Argentina: RIGI passes
Further to last weekend’s preview, the debate on Milei’s cornerstone law package, the “Ley
Bases” went ahead in the Senate on Wednesday. The eventual final vote happened that same
evening (which is fairly rapid in Argentine terms) and was tight, with the Senate seats voting 36
to 36 and allowing the head of the Senate, Milei’s Veep Victoria Villarruel, to exercise her
casting vote and the bill duly passed.
Also as expected, the Ley Bases didn’t pass as presented to Senate and the government had to
do some horse trading on clauses and terms. For RIGI, in order to get the votes the
government changed a couple of minor matters, firstly by restricting the plan to fewer economic
sectors and secondly by stipulating that at least 20% of the FDI capex for any project must be
spent with local suppliers. As mining is one of the sectors still included and any project worth its
salt will require large scale capital spending at a local/regional level anyway (away from
imported capital goods), neither of those will greatly affect the plans of big mining.

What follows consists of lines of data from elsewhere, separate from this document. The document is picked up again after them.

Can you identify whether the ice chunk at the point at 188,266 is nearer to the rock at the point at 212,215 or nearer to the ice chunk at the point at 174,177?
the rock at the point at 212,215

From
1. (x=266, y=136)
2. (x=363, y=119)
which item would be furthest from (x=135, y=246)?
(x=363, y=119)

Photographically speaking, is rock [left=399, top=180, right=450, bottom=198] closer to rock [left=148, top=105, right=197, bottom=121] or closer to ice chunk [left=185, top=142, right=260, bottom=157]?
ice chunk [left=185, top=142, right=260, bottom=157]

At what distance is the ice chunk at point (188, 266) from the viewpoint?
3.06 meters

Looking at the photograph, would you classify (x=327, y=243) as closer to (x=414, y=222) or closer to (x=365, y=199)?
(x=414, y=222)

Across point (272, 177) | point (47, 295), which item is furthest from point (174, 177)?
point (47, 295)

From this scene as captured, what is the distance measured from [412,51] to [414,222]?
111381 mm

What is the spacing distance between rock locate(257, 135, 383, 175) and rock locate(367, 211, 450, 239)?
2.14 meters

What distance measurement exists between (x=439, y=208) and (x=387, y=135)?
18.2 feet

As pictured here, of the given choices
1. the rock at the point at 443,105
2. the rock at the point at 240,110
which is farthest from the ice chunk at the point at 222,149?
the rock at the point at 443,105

There’s also
a new 45 day revision clause on any project entering RIGI, which allows regional governments
a small period of time to reject any given project before it becomes official, inserted to allow a
veto before the project becomes subject to international tribunal law (e.g. ICSID/CIADI). As for
the terms of RIGI, once signed into law its main benefits for FDI projects of U$200m or more
are:
Corporate tax ceiling of 25% for the next 30 years. At the moment, corp tax
in Argentina is 35%.
Sales tax reimbursement of capital goods brought into the country (and
supposedly on a fast track basis)
Export taxes reduced to zero for all exports that come as a result of the
original capital investment
There are other items, but those are the ones that really matter. The reaction from the mining
sector cannot be called euphoria, with some buying in some Argentina exponed stocks but not
as much as could have bene expected. Aldebaran (ALDE.v, see Stocks to Follow) did okay but
on the whole, reaction was muted though against the
somewhat negative backdrop for mining stcosk last week.
If this news has dropped in late April or early May I
suspect it would have got a more bullish reaction. As for
commentary from South America’s mining people, we
haven’t had much out of Argentina mining authorities yet
but the news of RIGI passing the Senate was welcomed by
the sector. It was left to the General Secretary of the
Chile/Argentina Chamber of Commerce, one Rolando
Dvila Rodrguez, who summed it up well enough and has
a role that will be important as a liaison between the
mining sectors of the two countries in the years to come,
even though he’s not a A-lister. He said RIGI’s approval was (13) “A very important moment for
foreign investment in Argentina.” And that’s true.